→ **Data section**:
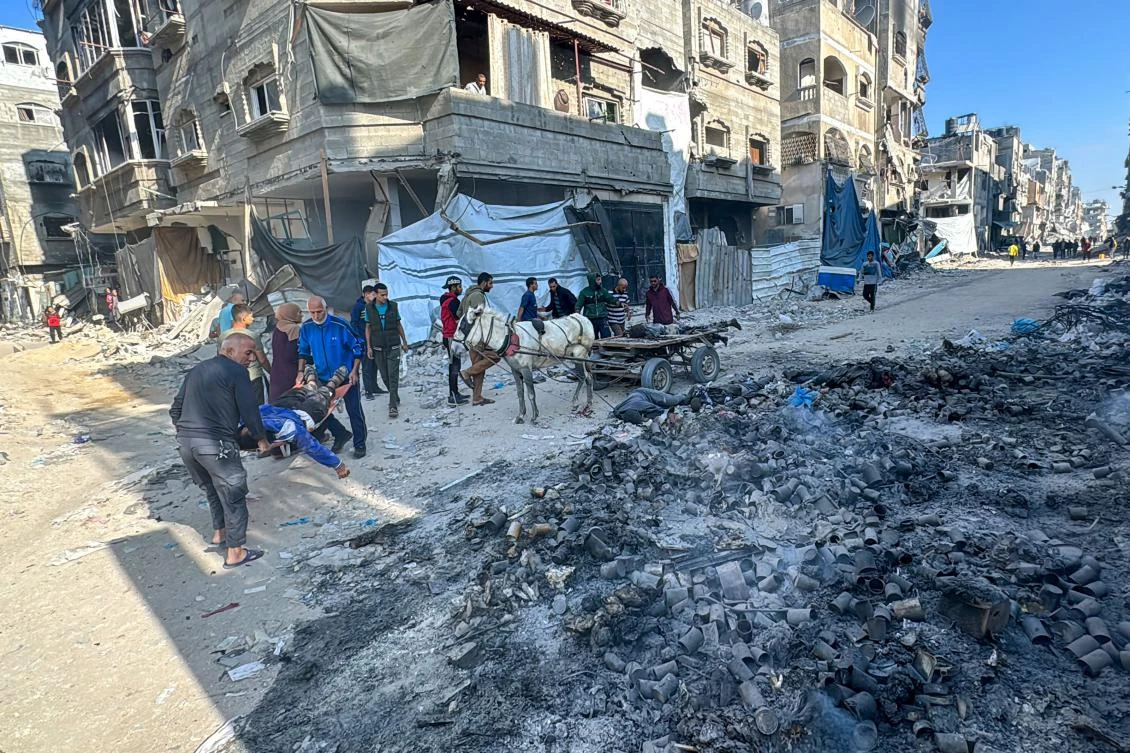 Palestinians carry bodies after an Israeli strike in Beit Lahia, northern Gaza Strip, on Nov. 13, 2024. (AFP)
---
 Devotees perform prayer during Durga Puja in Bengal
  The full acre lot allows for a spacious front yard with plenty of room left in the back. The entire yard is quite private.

→ **What is needed**: Output exactly the lines of the material above from the one containing "Devotees perform prayer" up to and including the one containing "The full acre".

→ **Task response**:
 Devotees perform prayer during Durga Puja in Bengal
  The full acre lot allows for a spacious front yard with plenty of room left in the back. The entire yard is quite private.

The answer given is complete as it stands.